2.      Common Causes: include trigeminal neuralgia, temporal arteritis and post herpetic neuralgia, which rarely if at all occur in younger patients.
3.      Migraine and tension type headaches are rarely found in the older generation.
4.      Raised intracranial pressure can assume much larger proportions before announcing or manifesting itself as the involutional process that is characteristic of an ageing brain allows or accommodates an expanding lesion far more easily in comparison to that of younger people.
DIAGNOSIS:
Patients with normal headaches or common place symptoms or manifestations of the same are highly unlikely to suffer from a life threatening or debilitating disorder unless their previous medical history is suggestive of or then points towards the presence of any structural disease, no matter however distressing or harrowing their symptoms may be. The features or high points that are instrumental in the establishment of a clear diagnosis or prognosis are as under:
Ø  The overall pattern or behavior (whether intermittent or continuous)
Ø  The tempo or rapidity of onset
Ø  The time of the day when the patient complains of the maximum pain
Ø  The effect of wrong or faulty posture, coughing and undue straining.
Ø  The area where the pain is localized or located.
Ø  Any other associated or interlinked symptoms.
Patients can be further sub divided or segregated into those with chronic ( spreading over several weeks or more) headaches and those afflicted with a more heinous from of the same. The manifestation of serious acute neurological disease should always be taken into account when treating patients afflicted with a sudden and abrupt onset of headaches.

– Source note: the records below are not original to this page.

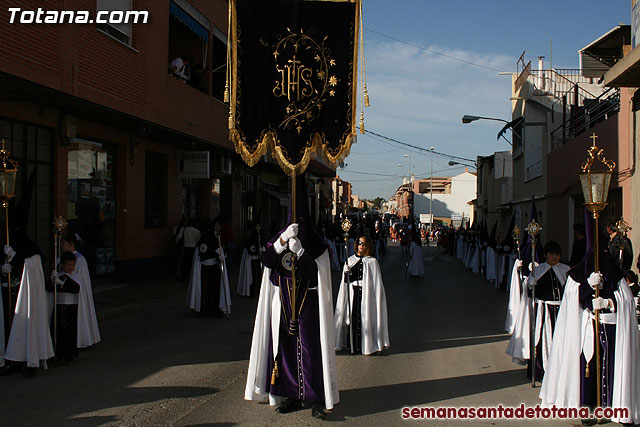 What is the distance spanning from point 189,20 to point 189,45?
80.0 inches

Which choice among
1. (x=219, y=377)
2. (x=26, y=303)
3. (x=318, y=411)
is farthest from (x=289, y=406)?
(x=26, y=303)

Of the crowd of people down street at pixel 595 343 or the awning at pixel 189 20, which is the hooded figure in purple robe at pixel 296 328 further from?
the awning at pixel 189 20

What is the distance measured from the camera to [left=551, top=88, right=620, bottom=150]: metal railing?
14.8m

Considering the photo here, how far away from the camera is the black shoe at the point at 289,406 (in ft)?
18.2

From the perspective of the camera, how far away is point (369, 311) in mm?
8180

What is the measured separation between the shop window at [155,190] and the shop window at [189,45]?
2.59m

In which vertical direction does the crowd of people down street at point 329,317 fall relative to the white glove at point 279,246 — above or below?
below

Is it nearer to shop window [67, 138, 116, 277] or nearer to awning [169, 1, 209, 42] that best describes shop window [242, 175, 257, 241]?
awning [169, 1, 209, 42]

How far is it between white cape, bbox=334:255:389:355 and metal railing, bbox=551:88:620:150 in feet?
31.0

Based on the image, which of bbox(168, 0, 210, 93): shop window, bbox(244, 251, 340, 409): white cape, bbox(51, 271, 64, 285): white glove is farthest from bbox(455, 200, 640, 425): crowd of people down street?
bbox(168, 0, 210, 93): shop window

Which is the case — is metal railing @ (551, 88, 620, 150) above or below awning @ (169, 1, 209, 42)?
below

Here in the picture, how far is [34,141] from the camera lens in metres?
11.2

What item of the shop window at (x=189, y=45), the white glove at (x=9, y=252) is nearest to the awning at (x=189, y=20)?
the shop window at (x=189, y=45)

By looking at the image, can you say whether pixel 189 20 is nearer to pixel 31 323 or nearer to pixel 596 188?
pixel 31 323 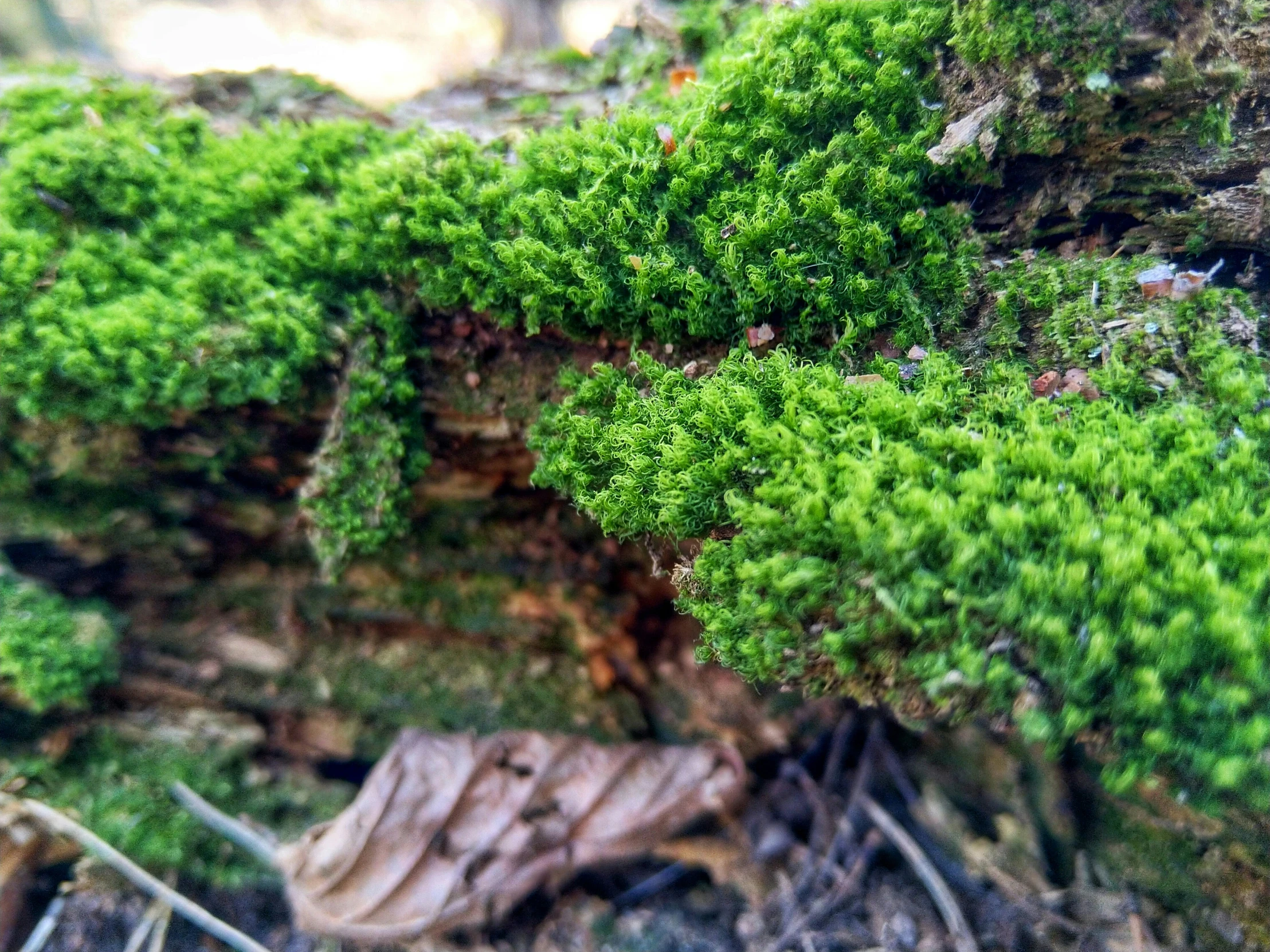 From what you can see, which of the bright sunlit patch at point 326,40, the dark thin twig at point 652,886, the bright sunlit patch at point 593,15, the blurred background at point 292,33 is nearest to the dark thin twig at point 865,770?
the dark thin twig at point 652,886

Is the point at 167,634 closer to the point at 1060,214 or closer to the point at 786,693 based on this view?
the point at 786,693

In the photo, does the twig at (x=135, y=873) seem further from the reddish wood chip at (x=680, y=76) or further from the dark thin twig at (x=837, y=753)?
the reddish wood chip at (x=680, y=76)

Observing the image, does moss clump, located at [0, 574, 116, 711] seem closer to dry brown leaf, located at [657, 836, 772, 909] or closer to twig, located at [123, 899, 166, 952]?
twig, located at [123, 899, 166, 952]

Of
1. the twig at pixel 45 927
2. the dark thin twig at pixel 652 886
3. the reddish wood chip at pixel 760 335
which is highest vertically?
the reddish wood chip at pixel 760 335

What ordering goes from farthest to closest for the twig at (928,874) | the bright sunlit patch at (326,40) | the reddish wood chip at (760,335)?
the bright sunlit patch at (326,40) < the twig at (928,874) < the reddish wood chip at (760,335)

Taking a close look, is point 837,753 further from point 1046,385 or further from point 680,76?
point 680,76

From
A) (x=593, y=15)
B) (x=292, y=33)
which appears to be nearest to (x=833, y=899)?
(x=292, y=33) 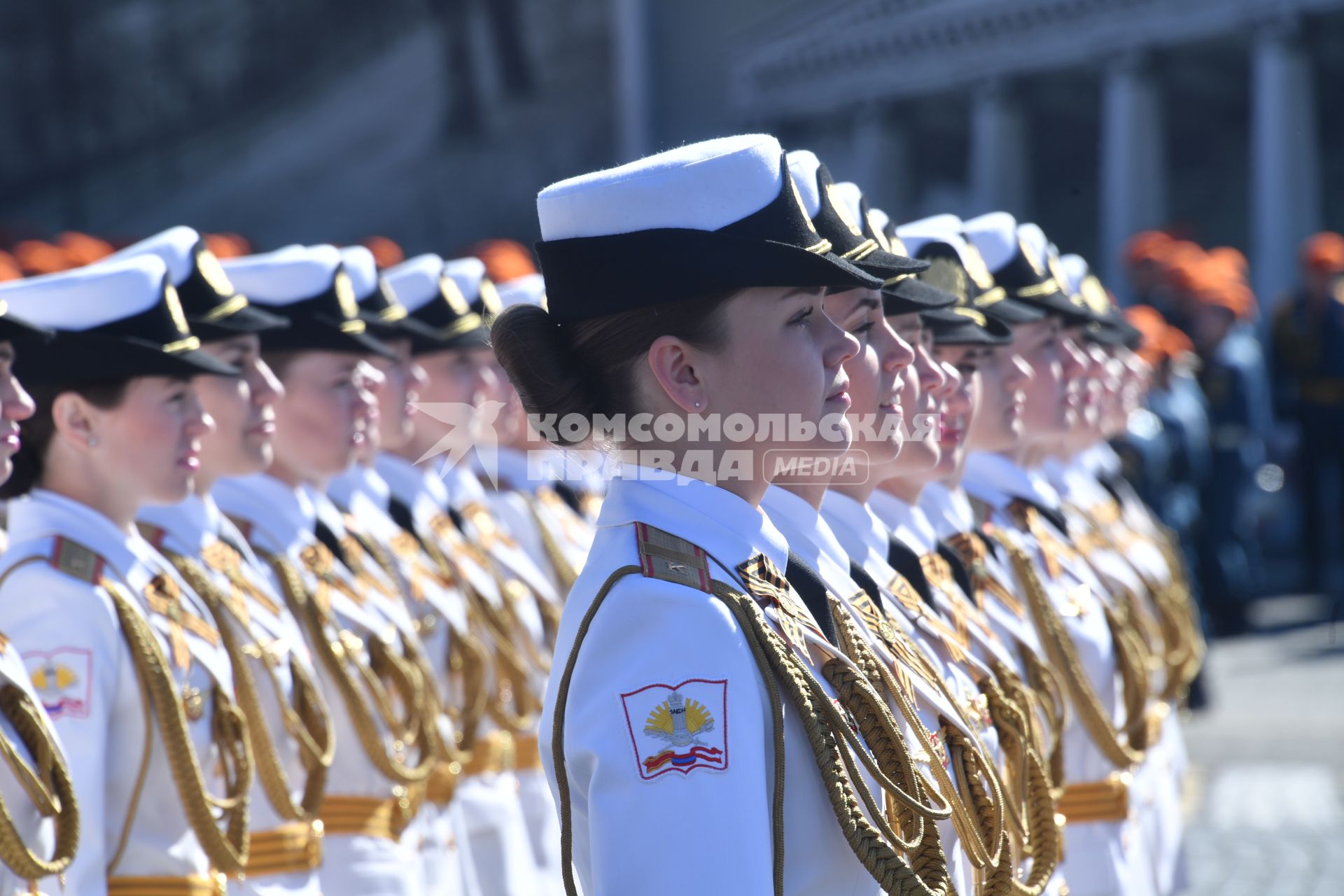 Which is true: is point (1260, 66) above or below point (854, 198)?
above

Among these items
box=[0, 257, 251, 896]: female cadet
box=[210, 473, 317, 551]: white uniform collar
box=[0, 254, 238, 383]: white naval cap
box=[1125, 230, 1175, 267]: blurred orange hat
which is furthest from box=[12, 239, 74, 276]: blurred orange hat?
box=[1125, 230, 1175, 267]: blurred orange hat

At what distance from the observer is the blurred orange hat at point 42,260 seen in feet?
23.0

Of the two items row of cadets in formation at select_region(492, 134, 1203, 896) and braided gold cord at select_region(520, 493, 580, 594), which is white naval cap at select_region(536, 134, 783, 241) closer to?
row of cadets in formation at select_region(492, 134, 1203, 896)

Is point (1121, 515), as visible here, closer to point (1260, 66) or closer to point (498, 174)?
point (1260, 66)

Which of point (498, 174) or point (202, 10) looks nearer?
point (498, 174)

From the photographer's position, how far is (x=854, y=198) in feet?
9.41

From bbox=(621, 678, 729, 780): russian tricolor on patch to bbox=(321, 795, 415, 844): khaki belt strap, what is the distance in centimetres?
237

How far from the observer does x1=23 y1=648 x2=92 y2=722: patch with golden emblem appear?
312 centimetres

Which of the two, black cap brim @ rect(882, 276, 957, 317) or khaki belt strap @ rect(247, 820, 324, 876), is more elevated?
black cap brim @ rect(882, 276, 957, 317)

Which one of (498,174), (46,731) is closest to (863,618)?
(46,731)

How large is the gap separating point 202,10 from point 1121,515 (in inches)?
895

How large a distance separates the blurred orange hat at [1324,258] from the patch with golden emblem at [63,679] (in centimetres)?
1091

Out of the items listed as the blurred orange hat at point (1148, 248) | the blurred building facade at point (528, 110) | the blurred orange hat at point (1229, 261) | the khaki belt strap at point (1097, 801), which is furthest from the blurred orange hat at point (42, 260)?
the blurred building facade at point (528, 110)

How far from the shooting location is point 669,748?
1.88 meters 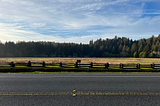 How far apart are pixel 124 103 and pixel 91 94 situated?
1445 millimetres

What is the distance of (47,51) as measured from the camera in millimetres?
158875

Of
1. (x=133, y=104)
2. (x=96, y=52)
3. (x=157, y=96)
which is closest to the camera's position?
(x=133, y=104)

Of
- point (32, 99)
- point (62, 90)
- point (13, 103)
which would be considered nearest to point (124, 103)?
point (62, 90)

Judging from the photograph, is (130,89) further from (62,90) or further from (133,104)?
(62,90)

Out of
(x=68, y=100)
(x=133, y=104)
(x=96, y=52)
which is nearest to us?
(x=133, y=104)

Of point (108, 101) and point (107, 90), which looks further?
point (107, 90)

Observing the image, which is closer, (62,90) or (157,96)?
(157,96)

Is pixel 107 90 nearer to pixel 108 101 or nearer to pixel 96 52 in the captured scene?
pixel 108 101

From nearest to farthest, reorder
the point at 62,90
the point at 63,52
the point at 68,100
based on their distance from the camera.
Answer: the point at 68,100 < the point at 62,90 < the point at 63,52

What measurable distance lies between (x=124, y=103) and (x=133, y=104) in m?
0.31

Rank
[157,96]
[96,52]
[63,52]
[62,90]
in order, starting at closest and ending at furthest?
[157,96] → [62,90] → [63,52] → [96,52]

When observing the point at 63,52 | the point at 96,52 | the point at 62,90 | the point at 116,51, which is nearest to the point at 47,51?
the point at 63,52

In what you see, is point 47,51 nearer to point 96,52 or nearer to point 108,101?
point 96,52

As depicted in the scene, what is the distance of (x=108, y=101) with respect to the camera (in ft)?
16.5
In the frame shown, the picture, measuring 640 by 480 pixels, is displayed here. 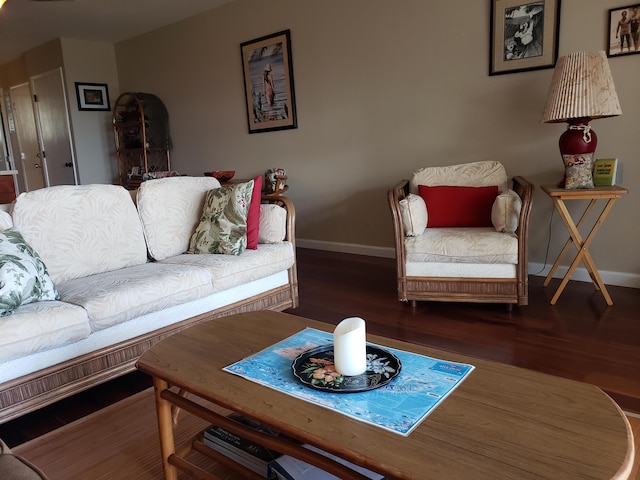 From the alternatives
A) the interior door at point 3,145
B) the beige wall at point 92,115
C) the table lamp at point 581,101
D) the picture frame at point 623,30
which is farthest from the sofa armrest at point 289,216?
the interior door at point 3,145

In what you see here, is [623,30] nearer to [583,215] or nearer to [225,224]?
[583,215]

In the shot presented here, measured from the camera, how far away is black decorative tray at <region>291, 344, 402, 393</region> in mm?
1154

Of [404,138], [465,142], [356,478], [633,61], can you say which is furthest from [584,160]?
[356,478]

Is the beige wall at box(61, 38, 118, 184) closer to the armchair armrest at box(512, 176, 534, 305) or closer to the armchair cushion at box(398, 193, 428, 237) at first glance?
the armchair cushion at box(398, 193, 428, 237)

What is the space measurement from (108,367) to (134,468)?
54 centimetres

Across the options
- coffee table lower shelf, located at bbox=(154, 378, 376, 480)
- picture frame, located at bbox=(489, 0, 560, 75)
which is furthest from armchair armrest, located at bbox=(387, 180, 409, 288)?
coffee table lower shelf, located at bbox=(154, 378, 376, 480)

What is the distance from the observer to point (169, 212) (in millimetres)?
2713

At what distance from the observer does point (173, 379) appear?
126cm

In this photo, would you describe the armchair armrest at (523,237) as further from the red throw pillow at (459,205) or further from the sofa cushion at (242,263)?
the sofa cushion at (242,263)

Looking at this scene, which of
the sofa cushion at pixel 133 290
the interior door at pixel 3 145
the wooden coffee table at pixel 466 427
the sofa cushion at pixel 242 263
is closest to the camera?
the wooden coffee table at pixel 466 427

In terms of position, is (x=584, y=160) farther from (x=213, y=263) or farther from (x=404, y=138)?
(x=213, y=263)

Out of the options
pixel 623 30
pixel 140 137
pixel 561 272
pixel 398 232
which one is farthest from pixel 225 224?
pixel 140 137

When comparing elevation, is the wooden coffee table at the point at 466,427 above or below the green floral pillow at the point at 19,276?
below

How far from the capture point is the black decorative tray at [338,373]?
1154 millimetres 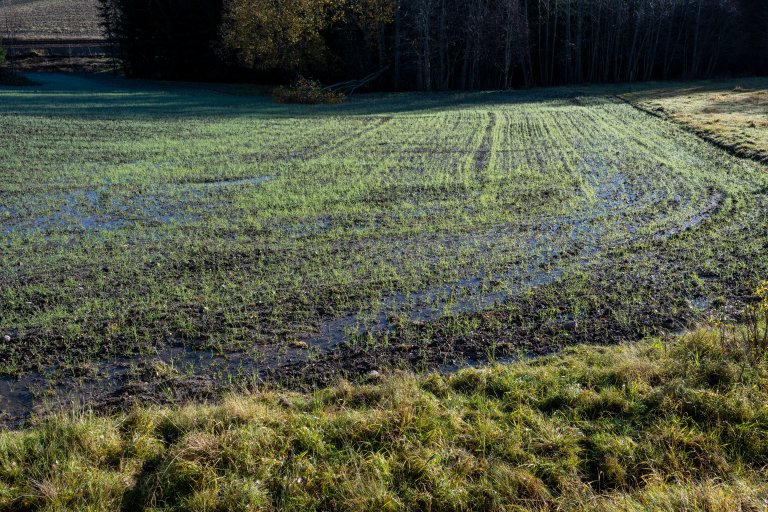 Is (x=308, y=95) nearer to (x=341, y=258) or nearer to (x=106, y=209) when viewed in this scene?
(x=106, y=209)

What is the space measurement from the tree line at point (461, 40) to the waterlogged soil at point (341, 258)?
93.3ft

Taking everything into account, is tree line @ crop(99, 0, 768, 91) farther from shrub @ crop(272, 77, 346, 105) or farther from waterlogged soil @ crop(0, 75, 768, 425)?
waterlogged soil @ crop(0, 75, 768, 425)

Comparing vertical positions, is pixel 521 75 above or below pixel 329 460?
above

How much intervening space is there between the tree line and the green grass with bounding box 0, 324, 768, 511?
143ft

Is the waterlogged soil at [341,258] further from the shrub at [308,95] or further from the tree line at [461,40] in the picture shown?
the tree line at [461,40]

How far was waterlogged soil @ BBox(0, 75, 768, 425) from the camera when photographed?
720cm

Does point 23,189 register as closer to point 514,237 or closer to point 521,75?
point 514,237

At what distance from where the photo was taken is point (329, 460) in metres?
5.04

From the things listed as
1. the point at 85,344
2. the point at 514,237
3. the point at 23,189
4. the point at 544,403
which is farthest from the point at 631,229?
the point at 23,189

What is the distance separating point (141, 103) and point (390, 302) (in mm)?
36649

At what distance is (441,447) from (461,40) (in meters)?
53.1

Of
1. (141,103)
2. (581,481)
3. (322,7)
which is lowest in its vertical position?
(581,481)

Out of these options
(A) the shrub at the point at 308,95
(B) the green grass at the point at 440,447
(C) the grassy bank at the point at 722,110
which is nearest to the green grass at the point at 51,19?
(A) the shrub at the point at 308,95

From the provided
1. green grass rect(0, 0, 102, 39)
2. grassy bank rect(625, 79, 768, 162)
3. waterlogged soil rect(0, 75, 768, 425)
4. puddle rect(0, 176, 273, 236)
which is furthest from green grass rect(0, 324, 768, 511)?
green grass rect(0, 0, 102, 39) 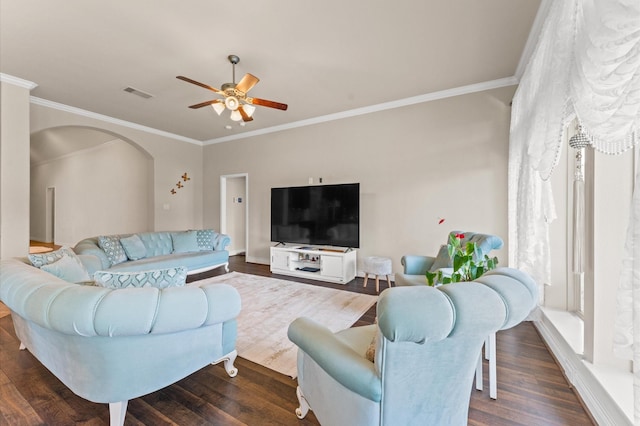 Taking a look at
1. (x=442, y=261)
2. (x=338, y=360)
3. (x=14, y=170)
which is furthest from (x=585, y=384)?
(x=14, y=170)

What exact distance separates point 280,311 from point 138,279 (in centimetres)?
180

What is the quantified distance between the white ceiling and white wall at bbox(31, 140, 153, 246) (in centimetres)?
282

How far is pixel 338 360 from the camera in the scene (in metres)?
1.08

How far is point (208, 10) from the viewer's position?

A subarchanoid haemorrhage (presence of blood within the subarachnoid space or then different regions of the brain) may be the most common cause for the onset of an almost blinding headache or then extremely agonizing headache that may be localized or otherwise, although only one out of every eight people who experiences or undergoes the agonies associated with such a headache will suffer from a subarachnoid haemorrhage.
A patient with a subarachnoid haemorrhage will almost always display classical symptoms like vomiting and stiffness of the neck though the latter may only make an appearance after a few hours have elapsed.
Migraneous headaches or then migraine related headaches manifest or announce themselves over a period of several hours and are far less likely to be associated with any form or shape of structural disease unless accompanied or coupled with other significant or important signs and symptoms.
Intermittent or then spread out headaches spread over a matter of weeks are most likely to be maigrainous though due diligence must be paid to the time of day when they announce their arrival and other precipitating or then contributory factors. Headaches associated with enhanced or increased intracranial pressure most commonly announce themselves immediately on waking up and may then begin to dissipate as the patient assumes a upright posture or position, thereby reducing the intracranial pressure or then upon the ingestion of a simple analgesic.
Headaches that persist or then continue over a matter of weeks, mark their presence throughout the day and which are analgesic resistant or then unresponsive to analgesics are more often than not tension-type headaches irrespective of their other associated characteristics or features.
Giant cell arteritis should always be considered until ruled out completely in the case of patients over 60 who complain of or then exhibit symptoms of headaches localized or then manifested in one or then both temples.